As was the case last year, in 2012-2013 we have continued to focus our efforts on the writing and editing of application guidelines: the instructions for applicants to our grant programs. We currently administer approximately thirty-five grant programs, a list of which can be found here.

Joel Schwartz (NEH’s Chief Guidelines Officer, the official principally responsible for writing and editing these documents) is overseeing the agency’s Plain Writing initiative. One of his responsibilities is to ensure that the application guidelines are as comprehensible as possible.

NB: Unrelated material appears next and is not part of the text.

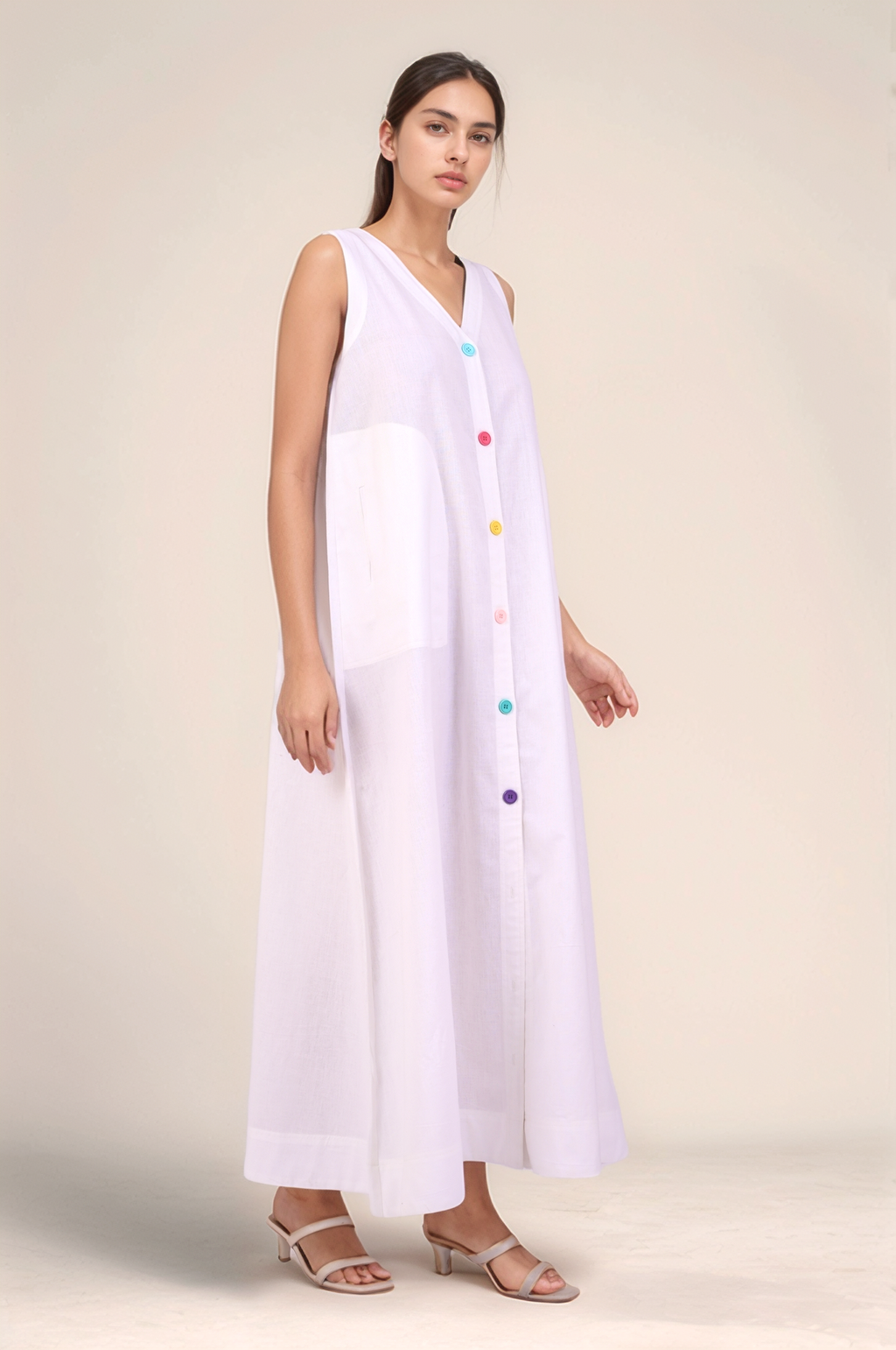 White Cotton Dress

This year we have also begun what will be a multiyear effort to simplify the language in NEH’s grant management documents: that is, the documents that tell grantees what they need to do to comply with the conditions of their awards. To date we have published revised versions of nine of these documents, focusing on those that are most commonly used. Six of these documents pertain to institutional grantees: The General Terms and Conditions for Awards (GTCA), the Addendum to the GTCA, Performance Reporting Requirements, Financial Reporting Requirements, the Federal Matching Funds Guidelines, and the Administration of NEH Challenge Grants. The other three documents pertain to individual grantees: General Information on NEH Fellowships, General Information on Summer Stipend Awards, and General Information on Awards for Faculty.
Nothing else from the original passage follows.